Genuine money is produced according to an exacting pattern that incorporates very specific elements. Likewise, God also employs patterns to to teach truth, and these are found in every book of scripture and are taught by our prophets. When we apply ourselves to learning true doctrine, we will be able to immediately discern and reject spurious ideas and philosophies. After we have learned revealed truth, we will quickly be able to identify and embrace those teachings which bear His stamp of authenticity.
Then our symbolic interpretations, in full harmony with truths already revealed, will be like "currency which is backed by the gold of Heaven" (Joseph Fielding McConkie, introduction, Gospel Symbolism). If we are serious about learning God's patterns in order to identify truth, we will seek for them in scriptures, from living prophets, and through temple worship.
During one bewildering period, King David sought for light and knowledge in the House of the Lord, and there found comfort and insight.

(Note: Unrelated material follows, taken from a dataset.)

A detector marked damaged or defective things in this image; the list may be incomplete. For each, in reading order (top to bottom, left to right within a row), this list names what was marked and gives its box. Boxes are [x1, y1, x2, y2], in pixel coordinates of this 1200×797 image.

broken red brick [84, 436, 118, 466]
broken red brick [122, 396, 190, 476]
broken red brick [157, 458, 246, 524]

Like David, we are often plagued with problems whose solutions lie beyond our abilities. Some problems are so challenging that even with our usual resources, and despite the advice of trusted friends, we remain perplexed.
In Psalm 73:17 David tells of grappling with difficult philosophical questions and how his confusion continued "until," as he stated "...I went into the sanctuary of God; then [I] understood." The symbols found in the temple can be applied by Heavenly Father to our particular circumstances in a very personal way; but we have to learn how to perceive them.
A good example of viewing an object, and from it, drawing a personal lesson, is found in Proverbs 24:30-34. The writer tells of observing the neglected field and vineyard of a slothful man. He records in verse 32 that, "Then I saw, and considered it well: I looked upon it, and received instruction."
Then I saw, and considered it well:
I looked upon it, and received instruction.
After observing the thorns and nettles, along with the broken stone wall around the field, the writer was able to see how the owner's slothfulness was surely leading to eventual poverty. He was literally able to envision this man's future as though it already existed.
The first time I read this verse, the words looked and saw seemed redundant to me-- like saying, I talked and I spoke. But then I realized that Hebrew often utilizes this form of writing called parallelism. The two words in a parallel are similar, but not identical. My curiosity was piqued and I decided to look up the meaning of the Hebrew word that was translated as 'saw'. This particular word is not the one used to describe the physical workings of our eyes, but instead describes the capacity to 'see as a prophet sees' (Strong's # 2372).
A prophet can see prophetically, because he is immersed in truth and has conformed his life to those principles. When we follow that example, we will likewise develop that same capacity. We could reword this verse in contemporary language along these lines: "I saw something, and then pondered it at length. And as I looked and thought about it, I learned this lesson." This process of seeing and pondering prepares our minds so that we can be taught by the Lord.
We all want to be able to discern counterfeit teachings and to recognize sacred patterns. To do this, we will immerse ourselves in the scriptures and in the teaching of the prophets, both ancient and modern.